**WHAT THE TASK REQUIRES**. The entries that follow include a run beginning at the line with "Hotel Am Markt & Brauhaus Stadtkrug" and ending at the line with "Gerry Weber Damen Rock, blau"; restate that run word for word and leave the rest out.

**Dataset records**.
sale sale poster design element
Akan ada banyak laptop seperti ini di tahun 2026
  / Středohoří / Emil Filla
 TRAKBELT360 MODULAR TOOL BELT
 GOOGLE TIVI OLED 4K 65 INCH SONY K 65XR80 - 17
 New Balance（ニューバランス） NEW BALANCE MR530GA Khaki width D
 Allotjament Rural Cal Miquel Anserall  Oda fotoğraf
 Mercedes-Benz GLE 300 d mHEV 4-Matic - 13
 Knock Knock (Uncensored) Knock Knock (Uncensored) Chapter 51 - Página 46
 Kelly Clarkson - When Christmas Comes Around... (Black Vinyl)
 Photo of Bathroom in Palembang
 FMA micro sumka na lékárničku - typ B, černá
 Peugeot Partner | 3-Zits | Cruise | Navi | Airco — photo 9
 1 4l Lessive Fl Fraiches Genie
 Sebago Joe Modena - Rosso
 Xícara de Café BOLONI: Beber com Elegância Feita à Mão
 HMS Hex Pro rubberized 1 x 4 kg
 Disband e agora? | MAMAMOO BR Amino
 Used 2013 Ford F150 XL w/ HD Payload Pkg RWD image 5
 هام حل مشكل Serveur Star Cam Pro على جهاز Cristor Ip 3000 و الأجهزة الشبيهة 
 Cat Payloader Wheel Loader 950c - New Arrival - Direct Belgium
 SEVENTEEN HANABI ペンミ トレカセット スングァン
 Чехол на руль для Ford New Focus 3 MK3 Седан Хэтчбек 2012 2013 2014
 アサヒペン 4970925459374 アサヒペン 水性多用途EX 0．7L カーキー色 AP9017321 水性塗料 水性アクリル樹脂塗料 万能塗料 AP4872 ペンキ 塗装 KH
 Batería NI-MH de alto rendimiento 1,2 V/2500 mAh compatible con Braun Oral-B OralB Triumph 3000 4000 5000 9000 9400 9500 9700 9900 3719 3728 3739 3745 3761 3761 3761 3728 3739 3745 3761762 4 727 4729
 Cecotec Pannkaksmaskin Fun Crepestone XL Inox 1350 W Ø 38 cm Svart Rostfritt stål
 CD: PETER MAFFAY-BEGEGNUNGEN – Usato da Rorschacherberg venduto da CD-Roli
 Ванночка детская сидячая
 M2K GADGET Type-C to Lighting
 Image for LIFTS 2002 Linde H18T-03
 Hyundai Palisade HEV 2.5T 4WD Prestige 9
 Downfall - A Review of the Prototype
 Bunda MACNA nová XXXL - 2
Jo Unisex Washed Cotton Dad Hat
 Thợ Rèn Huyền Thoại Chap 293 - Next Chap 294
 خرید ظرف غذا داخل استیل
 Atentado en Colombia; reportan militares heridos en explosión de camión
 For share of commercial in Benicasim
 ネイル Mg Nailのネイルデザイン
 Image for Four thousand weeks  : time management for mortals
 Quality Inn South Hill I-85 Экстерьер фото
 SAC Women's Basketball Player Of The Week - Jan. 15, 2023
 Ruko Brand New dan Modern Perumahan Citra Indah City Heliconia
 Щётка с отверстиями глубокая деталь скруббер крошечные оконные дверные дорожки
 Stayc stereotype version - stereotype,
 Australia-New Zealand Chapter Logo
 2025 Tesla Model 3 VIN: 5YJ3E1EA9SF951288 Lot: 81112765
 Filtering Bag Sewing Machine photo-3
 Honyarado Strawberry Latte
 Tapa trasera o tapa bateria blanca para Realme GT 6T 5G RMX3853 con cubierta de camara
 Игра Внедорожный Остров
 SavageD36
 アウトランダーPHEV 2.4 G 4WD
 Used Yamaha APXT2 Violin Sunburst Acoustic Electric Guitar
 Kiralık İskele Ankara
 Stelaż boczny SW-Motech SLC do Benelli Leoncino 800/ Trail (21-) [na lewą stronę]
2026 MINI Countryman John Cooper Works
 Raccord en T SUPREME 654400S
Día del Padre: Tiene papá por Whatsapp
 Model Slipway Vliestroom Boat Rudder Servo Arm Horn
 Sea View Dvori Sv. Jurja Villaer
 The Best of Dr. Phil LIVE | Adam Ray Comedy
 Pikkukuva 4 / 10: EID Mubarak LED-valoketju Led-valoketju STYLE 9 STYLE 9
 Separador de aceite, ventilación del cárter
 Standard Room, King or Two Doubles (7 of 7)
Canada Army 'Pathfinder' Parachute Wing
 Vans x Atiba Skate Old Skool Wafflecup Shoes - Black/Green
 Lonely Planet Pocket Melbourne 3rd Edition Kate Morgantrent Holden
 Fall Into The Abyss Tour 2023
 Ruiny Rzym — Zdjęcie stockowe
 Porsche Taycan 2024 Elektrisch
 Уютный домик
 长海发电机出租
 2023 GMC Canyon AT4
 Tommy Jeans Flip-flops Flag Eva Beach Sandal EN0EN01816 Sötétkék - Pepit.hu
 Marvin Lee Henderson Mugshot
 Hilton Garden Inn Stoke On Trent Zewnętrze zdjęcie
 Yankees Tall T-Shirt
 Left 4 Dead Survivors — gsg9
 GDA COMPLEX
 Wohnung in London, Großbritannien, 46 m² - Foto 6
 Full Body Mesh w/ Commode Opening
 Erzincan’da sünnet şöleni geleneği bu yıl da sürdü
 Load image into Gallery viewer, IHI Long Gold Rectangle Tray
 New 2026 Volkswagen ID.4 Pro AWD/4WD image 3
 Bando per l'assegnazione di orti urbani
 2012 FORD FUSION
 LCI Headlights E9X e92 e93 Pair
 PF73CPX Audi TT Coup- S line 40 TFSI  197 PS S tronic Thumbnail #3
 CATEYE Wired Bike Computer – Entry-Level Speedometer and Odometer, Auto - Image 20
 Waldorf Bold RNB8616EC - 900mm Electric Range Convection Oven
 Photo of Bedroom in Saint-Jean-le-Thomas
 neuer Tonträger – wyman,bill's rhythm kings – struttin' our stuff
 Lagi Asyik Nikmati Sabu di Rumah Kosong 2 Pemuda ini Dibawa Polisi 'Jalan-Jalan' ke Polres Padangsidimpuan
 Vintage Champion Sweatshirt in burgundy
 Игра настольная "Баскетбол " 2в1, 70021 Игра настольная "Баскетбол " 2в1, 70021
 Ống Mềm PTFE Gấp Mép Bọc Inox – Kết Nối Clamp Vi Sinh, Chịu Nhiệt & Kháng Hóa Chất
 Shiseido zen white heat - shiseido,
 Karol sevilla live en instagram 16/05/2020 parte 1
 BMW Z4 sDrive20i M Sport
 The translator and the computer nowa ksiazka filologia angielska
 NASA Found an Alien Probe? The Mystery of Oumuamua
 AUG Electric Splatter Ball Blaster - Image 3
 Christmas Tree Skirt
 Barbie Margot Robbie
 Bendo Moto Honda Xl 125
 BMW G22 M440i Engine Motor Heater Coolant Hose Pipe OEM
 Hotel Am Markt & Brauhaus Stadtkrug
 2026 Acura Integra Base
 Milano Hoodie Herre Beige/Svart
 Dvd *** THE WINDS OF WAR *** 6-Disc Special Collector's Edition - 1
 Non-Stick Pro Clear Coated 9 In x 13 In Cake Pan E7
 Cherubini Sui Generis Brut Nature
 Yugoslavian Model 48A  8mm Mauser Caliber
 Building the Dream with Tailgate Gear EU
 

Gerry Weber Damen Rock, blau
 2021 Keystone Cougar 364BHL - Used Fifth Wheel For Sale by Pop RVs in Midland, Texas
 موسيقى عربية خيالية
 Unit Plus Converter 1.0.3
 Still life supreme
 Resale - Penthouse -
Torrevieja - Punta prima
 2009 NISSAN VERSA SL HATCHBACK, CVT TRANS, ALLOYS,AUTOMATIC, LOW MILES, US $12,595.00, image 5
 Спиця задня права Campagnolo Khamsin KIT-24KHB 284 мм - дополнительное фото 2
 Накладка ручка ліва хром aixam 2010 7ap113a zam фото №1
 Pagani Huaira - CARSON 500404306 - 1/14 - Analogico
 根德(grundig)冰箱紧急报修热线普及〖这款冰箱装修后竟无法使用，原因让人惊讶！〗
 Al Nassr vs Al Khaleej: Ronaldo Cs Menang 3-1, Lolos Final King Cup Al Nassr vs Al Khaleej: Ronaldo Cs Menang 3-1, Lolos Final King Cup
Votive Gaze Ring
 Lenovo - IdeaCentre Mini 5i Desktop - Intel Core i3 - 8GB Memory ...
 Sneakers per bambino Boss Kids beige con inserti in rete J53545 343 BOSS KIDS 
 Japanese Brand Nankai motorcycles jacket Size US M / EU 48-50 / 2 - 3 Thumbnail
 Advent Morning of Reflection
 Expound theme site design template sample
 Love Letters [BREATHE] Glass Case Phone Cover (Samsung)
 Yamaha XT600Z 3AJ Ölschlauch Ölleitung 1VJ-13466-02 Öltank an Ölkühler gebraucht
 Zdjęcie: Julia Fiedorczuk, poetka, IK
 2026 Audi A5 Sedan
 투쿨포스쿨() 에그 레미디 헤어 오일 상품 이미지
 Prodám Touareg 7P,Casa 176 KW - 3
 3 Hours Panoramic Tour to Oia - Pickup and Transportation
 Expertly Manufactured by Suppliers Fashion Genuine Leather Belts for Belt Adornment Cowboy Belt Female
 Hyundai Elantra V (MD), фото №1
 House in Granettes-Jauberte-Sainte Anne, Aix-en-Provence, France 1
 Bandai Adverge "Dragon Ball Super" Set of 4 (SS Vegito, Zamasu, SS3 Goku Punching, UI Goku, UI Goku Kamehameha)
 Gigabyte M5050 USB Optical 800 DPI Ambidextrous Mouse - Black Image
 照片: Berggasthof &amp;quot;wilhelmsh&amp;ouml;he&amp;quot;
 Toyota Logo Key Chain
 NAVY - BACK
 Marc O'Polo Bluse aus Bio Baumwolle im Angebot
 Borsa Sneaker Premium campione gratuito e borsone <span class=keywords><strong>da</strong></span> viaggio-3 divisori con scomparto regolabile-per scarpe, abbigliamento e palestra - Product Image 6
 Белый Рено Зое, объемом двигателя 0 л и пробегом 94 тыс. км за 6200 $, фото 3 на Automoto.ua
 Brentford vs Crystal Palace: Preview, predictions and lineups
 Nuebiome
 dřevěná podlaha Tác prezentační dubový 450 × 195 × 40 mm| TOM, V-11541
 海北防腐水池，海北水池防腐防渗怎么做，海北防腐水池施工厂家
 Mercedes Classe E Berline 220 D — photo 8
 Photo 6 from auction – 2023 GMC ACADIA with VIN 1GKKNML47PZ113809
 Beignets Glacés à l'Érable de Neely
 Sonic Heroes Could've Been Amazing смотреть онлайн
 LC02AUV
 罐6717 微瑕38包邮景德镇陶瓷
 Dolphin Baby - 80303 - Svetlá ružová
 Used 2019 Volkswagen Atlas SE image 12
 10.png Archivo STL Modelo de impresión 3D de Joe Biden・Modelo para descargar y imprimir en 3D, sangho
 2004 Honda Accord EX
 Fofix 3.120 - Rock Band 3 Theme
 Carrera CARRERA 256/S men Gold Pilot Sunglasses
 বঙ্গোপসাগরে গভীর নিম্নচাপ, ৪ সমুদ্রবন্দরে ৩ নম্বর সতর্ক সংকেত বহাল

**RESULT**.
 Hotel Am Markt & Brauhaus Stadtkrug
 2026 Acura Integra Base
 Milano Hoodie Herre Beige/Svart
 Dvd *** THE WINDS OF WAR *** 6-Disc Special Collector's Edition - 1
 Non-Stick Pro Clear Coated 9 In x 13 In Cake Pan E7
 Cherubini Sui Generis Brut Nature
 Yugoslavian Model 48A  8mm Mauser Caliber
 Building the Dream with Tailgate Gear EU
 

Gerry Weber Damen Rock, blau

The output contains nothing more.